> **WHAT TO DO**: Print exactly the line that contains "El+Nacional+Liga+Fútbol+Amistoso", then every following line through the end of the material; include nothing else and no pictures.

> **DATA BLOCK**:
§
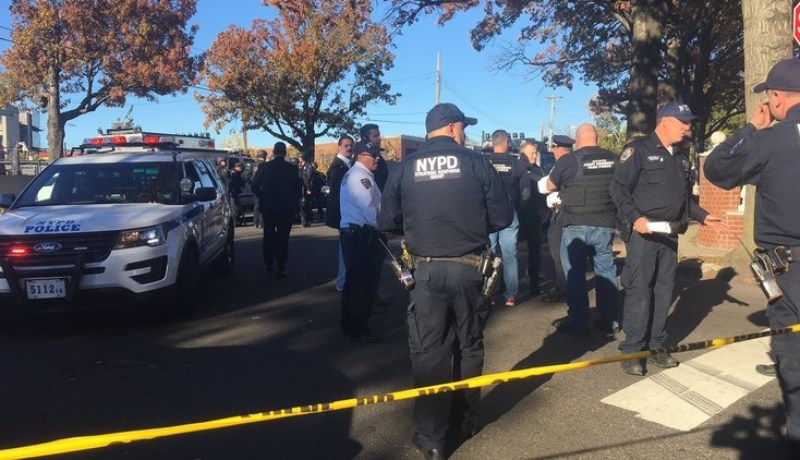 مقتل ضابط شرطة وإصابة آخر في حادث إطلاق نار بأمريكا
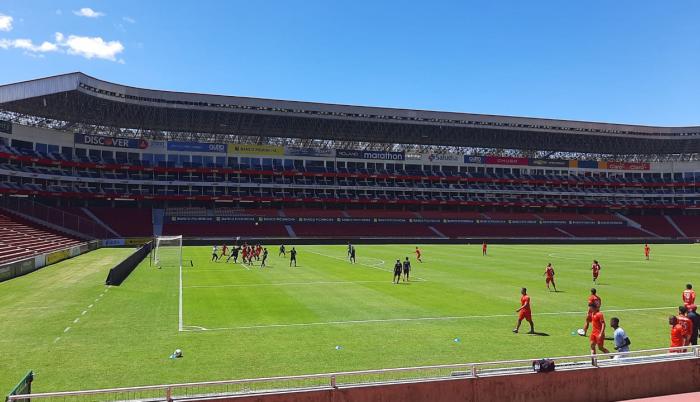 El+Nacional+Liga+Fútbol+Amistoso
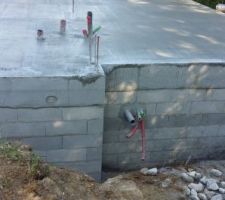 Construction vide sanitaire fini. Plancher béton coulé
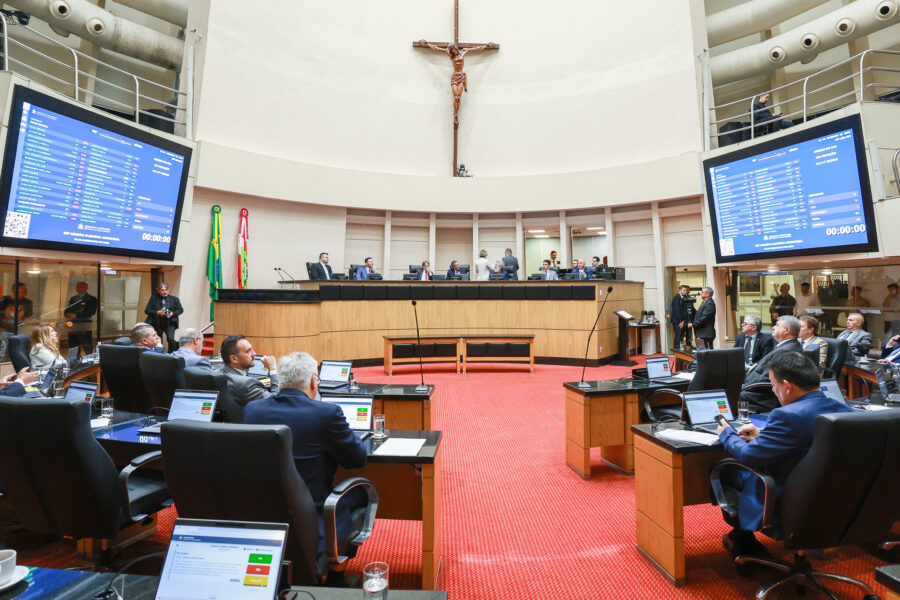 Plenário da Alesc, na tarde desta quarta (10); deputados aprovaram projetos do Executivo em várias áreas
§
> **EXERCISE SOLUTION**:
 El+Nacional+Liga+Fútbol+Amistoso
 Construction vide sanitaire fini. Plancher béton coulé
 Plenário da Alesc, na tarde desta quarta (10); deputados aprovaram projetos do Executivo em várias áreas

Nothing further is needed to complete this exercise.